これが私の秘密

三咲みき

これが私の秘密

 子どもの頃から、ずっと家族に秘密にしていることがあります。それは、小説を書いているということ。


 このエッセイを読みにきてくださった方は、きっとご自身でもなにか執筆されている方が多いでしょう。

 どうですか。家族や知り合いに、あなたが小説を書いていること、話せていますか。

 私は本当に心を許せる友達にしか話せていないです。


 そもそもどうして秘密にしているのかというと、単純に恥ずかしいからです。


 私が小説を書き始めたのは中学生の頃。小学六年生のときに、『ダレン・シャン』に大ハマリし、小説家という生き方に憧れました。

 中学生になり、ノートや原稿用紙に物語を書いてみることにしました。子どもが書くお話ですから、当然穴は多く、表現も稚拙です。自分でもそれはわかっていました。

 書いていることを勇気を出して打ち明けても、「幼稚な内容と未熟な文章のくせに(おまけに字も汚い)、小説家の真似事をしている」、そう思われることが、当時の私は、とても恥ずかしかったのです。実際、そんなことを思うような家族ではありませんが、なかなか勇気が出ませんでした。

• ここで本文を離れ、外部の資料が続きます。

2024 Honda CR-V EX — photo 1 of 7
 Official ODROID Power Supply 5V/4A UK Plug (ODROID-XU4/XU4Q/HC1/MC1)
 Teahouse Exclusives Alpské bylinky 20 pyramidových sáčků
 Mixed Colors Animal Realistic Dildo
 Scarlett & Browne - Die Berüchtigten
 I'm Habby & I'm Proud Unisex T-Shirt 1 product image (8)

 家族に秘密にしたまま大学生になり、媒体もノートからパソコンに変わって、本格的に書き始めるようになりました。


 今となっては、恥ずかしさも和らいできて、家族になら、何かきっかけさえあれば、話せそうです。


 初めて会う人や友達には、まだまだ言えません。そもそも私は、「執筆が趣味」と言う人に、リアルでほとんど出会ったことがないのです。ネットでなら、こうして沢山の人に出会えているわけですが………。

 もしかしたら私と同じように、言わないだけで、書いている人はいるかもしれません。ですが、音楽鑑賞や映画鑑賞と違い、まだまだマイナーな趣味だと思います。

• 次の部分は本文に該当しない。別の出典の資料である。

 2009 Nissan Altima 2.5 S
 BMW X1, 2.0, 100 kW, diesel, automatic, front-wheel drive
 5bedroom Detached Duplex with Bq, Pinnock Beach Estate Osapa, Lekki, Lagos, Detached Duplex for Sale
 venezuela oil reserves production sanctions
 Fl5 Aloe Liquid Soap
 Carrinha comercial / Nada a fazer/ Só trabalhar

 私個人としては、二次創作にしろ、オリジナルにしろ、物語の創作を趣味にしている人が、リアルで身近に入れば、ぜひその人と語り明かしたいです。小説を書くのっていいものですよね。


 さて、話が少し逸れましたが、家族に秘密にしておくと、何が問題かというと、執筆する時間が限られてしまうことです。

 私はできることならスマホでなく、パソコンで作業をしたいです。でも学生でもないのに長時間キーボードを叩いていたら、一体何をしているのかと思われますよね。一人暮らしであれば、そんなこと気にする必要はありませんが、私は実家暮らしで、当分一人暮らしをする予定はありません。どうしたものでしょう。


 現在は仕事の休憩時間や、休日、家族が部屋にいない時間帯を狙って執筆しています。

 秘密にさえしなければ、堂々と書けるのに。


 先程も述べましたが、きっかけさえあれば、言えそうなんです。一番良いのは、書いた小説が何かの賞に引っかかること。とても現実になりそうにありませんが、これが理想です。


 快適な執筆空間を手に入れるために、色々画策していますが、実行するには、まだまだ時間がかかりそうです。


 「小説を書いてる」、そう一言、言えばいいだけの話なのに、なんでこんなに悩んでるんでしょうね。